I suppose what I'm trying to say: isn't there some form of holistic view in both interpretations? For example, if you describe all of nature, are you really apart or do you think of yourself part from the "all" of nature?

MidGe 08-04-2007 08:52 AM

Re: Will people in fifty years still believe in Gods?
 
John, whether holistic or not, if the outcome is negative, which to me suffering is, then there is no question about worship. It simply is not on! I'll deal with my life at a personal level to stand "against" anything that is purported to be the whole, or not. Sometimes the epiphenomena is more interesting, capable, and specially "moral", than the whole. [img]/images/graemlins/smile.gif[/img]

John21 08-04-2007 09:10 AM

Re: Will people in fifty years still believe in Gods?
 
[ QUOTE ]

Sometimes the epiphenomena is more interesting, capable, and specially "moral", than the whole. [img]/images/graemlins/smile.gif[/img]

[/ QUOTE ]

Sometimes? I wouldn’t want to live for a day if I was Omnipotent. But just because we're the antithesis to Omnipotence, doesn't make us evil, or our corollary so - it just makes us alive. And to me life is a gift, or as some would say a sacrificial gift.

I don't want to be God. But if I was God for a day - I'd allow people to live and not be a god. To me eternity is meaningless without terminality.

-John

MidGe 08-04-2007 09:16 AM

Re: Will people in fifty years still believe in Gods?
 
[ QUOTE ]
But just because we're the antithesis to Omnipotence, doesn't make us evil,

[/ QUOTE ]

Agreed entirely. It seems that you are not seeing my point: "Omnipotence (god concept), as I experience the world, is evil and therefore not worshipable, or not a credible (believable) concept".

Brad1970 08-04-2007 12:34 PM

Re: Will people in fifty years still believe in Gods?
 
[ QUOTE ]
Hey, the Bible is more right then ever for these times. Where the rational thought is irrational an the irrational is rational.

It's scary to coal inside the chests of man these days and the brainwashed pride driven secular mentality.

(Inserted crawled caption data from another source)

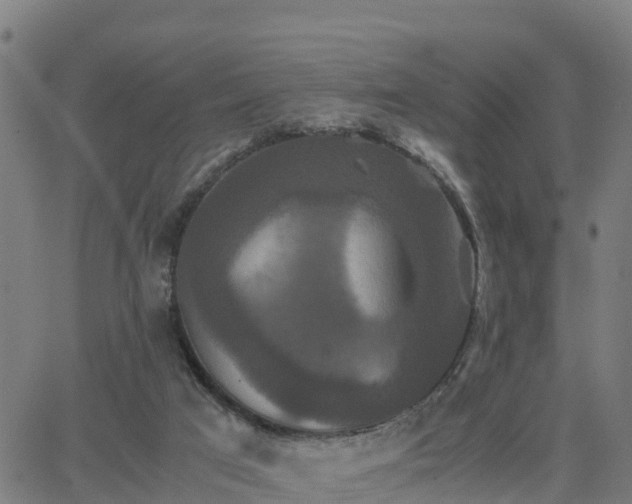 X0000062830017200601201624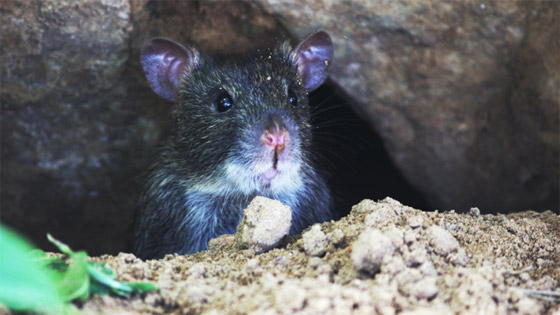 اكتشاف ثلاثة أنواع جديدة من فئران عملاقة جابت الأرض منذ عشرات آلاف السنين! صورة رقم 5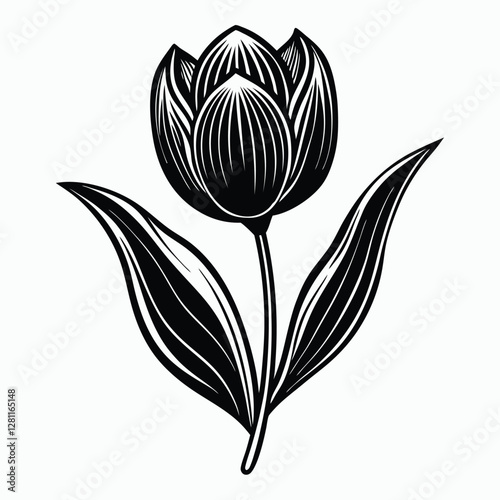 Tulip flower vector illustration with floral design and nature-inspired elements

It's pretty scary, but hey, the more the devil has an influence the more and more people will be easily dismissive of God, religion, etc

Just wow at the brainwashed mentalities.

And this will just to in one in, make a uturn and go out the same ear.

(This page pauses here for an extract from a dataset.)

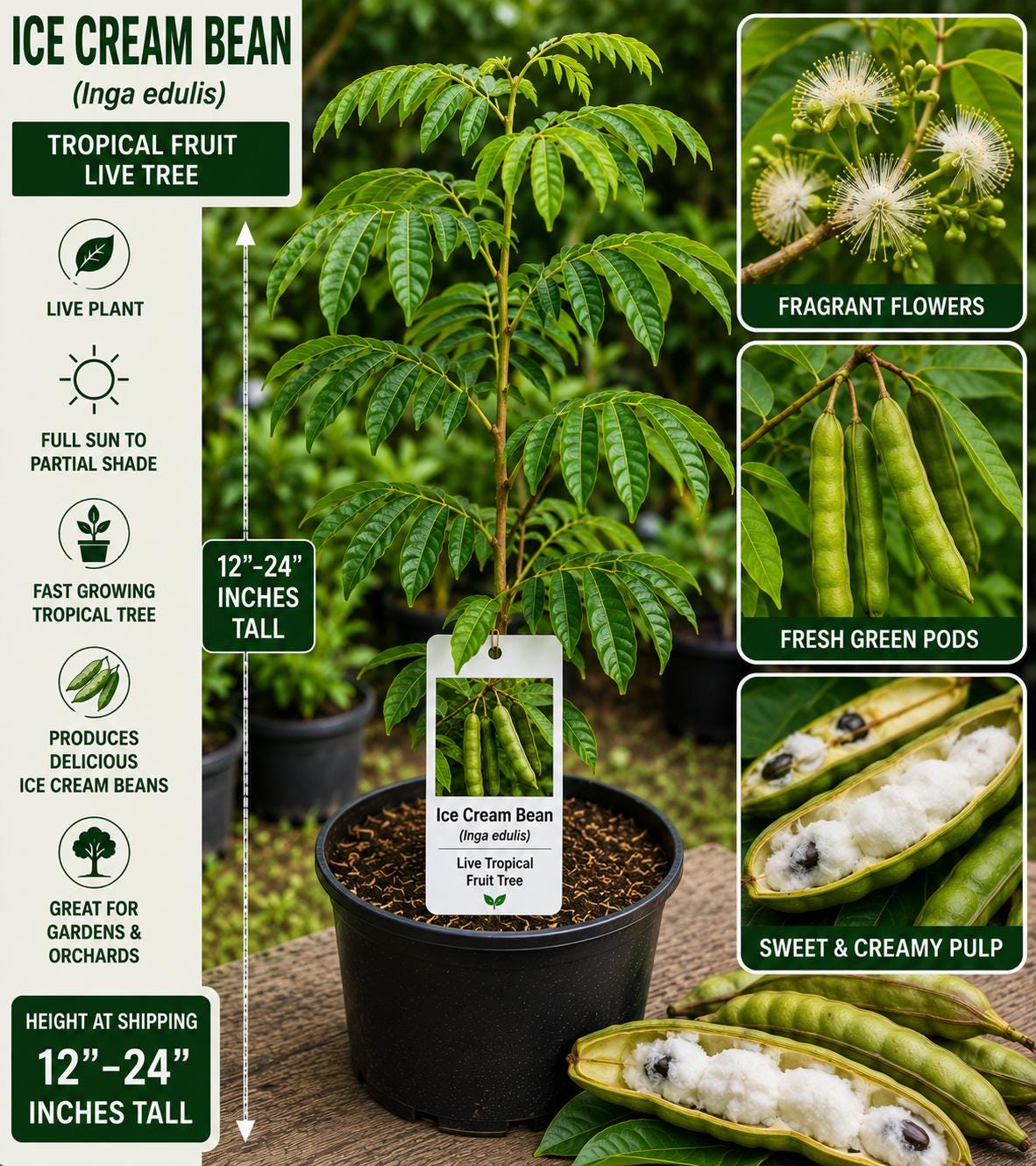 Ice Cream Bean Live Fruit Tree – Inga edulis – Tropical Edible Tree with Green Foliage and Seed Pods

Thats what it has become, you fill yourselfs with nothing but about how irrational any belief is how God is a delusion and evil, etc well that is what you become.

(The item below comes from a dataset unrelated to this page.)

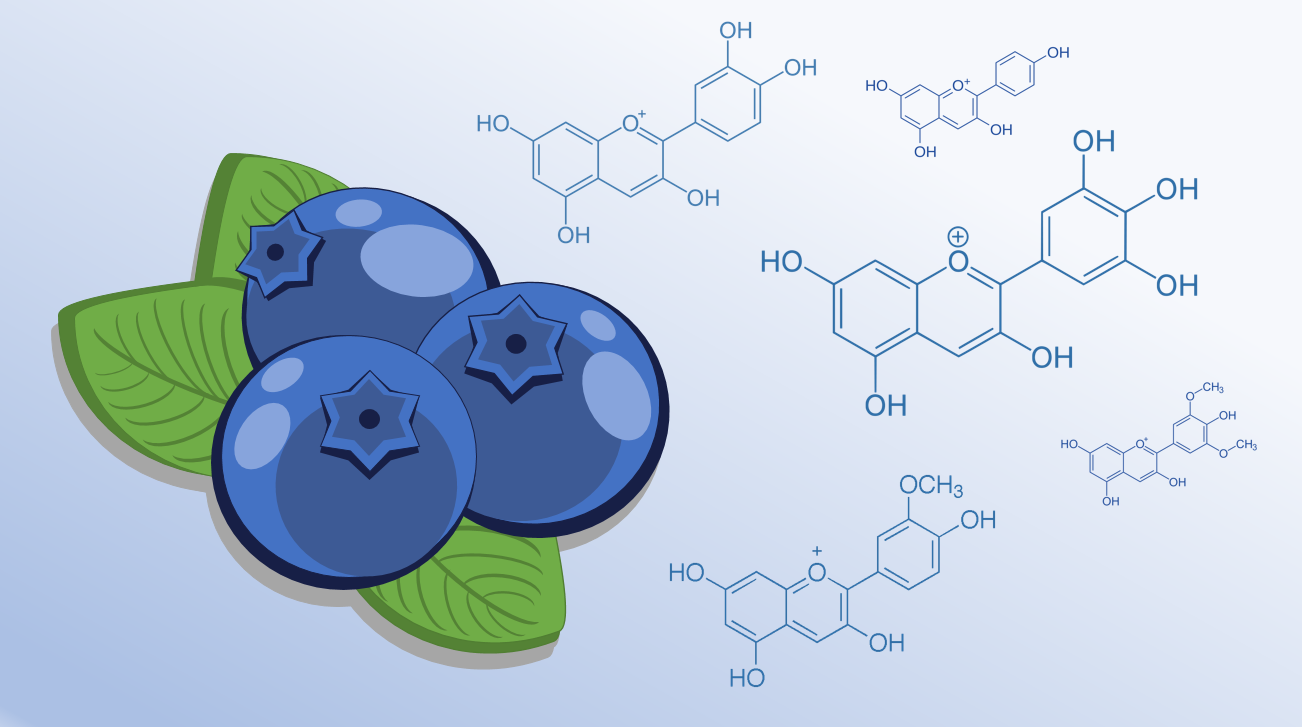 Why are Blueberries Blue? – NC DNA Day Blog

Man, really no point of posting, u all find out in less then 80 years anyways..... Thank God we die and the ignorances cant go on forever.

[/ QUOTE ]

What he said x2.

Atrophy 08-04-2007 01:45 PM

Re: Will people in fifty years still believe in Gods?
 
[ QUOTE ]
Hey, the Bible is more right then ever for these times. Where the rational thought is irrational an the irrational is rational.

It's scary to coal inside the chests of man these days and the brainwashed pride driven secular mentality.

It's pretty scary, but hey, the more the devil has an influence the more and more people will be easily dismissive of God, religion, etc

Just wow at the brainwashed mentalities.

And this will just to in one in, make a uturn and go out the same ear.

Thats what it has become, you fill yourselfs with nothing but about how irrational any belief is how God is a delusion and evil, etc well that is what you become.

Man, really no point of posting, u all find out in less then 80 years anyways..... Thank God we die and the ignorances cant go on forever.

[/ QUOTE ]

If one takes a step back and reads what you're saying--substituting Allah for God and Koran for Bible--you sound like a deranged Muslim suicide bomber.

I find it quite sad that many will read what you write and actually nod approvingly. When people like you talk, you hurt your irrational crusade more than help it.

Brad1970 08-04-2007 02:14 PM

Re: Will people in fifty years still believe in Gods?
 
[ QUOTE ]
If one takes a step back and reads what you're saying--substituting Allah for God and Koran for Bible--you sound like a deranged Muslim suicide bomber.

I find it quite sad that many will read what you write and actually nod approvingly. When people like you talk, you hurt your irrational crusade more than help it.

[/ QUOTE ]


When is the last time that a Christian blew themselves up in a suicide bombing?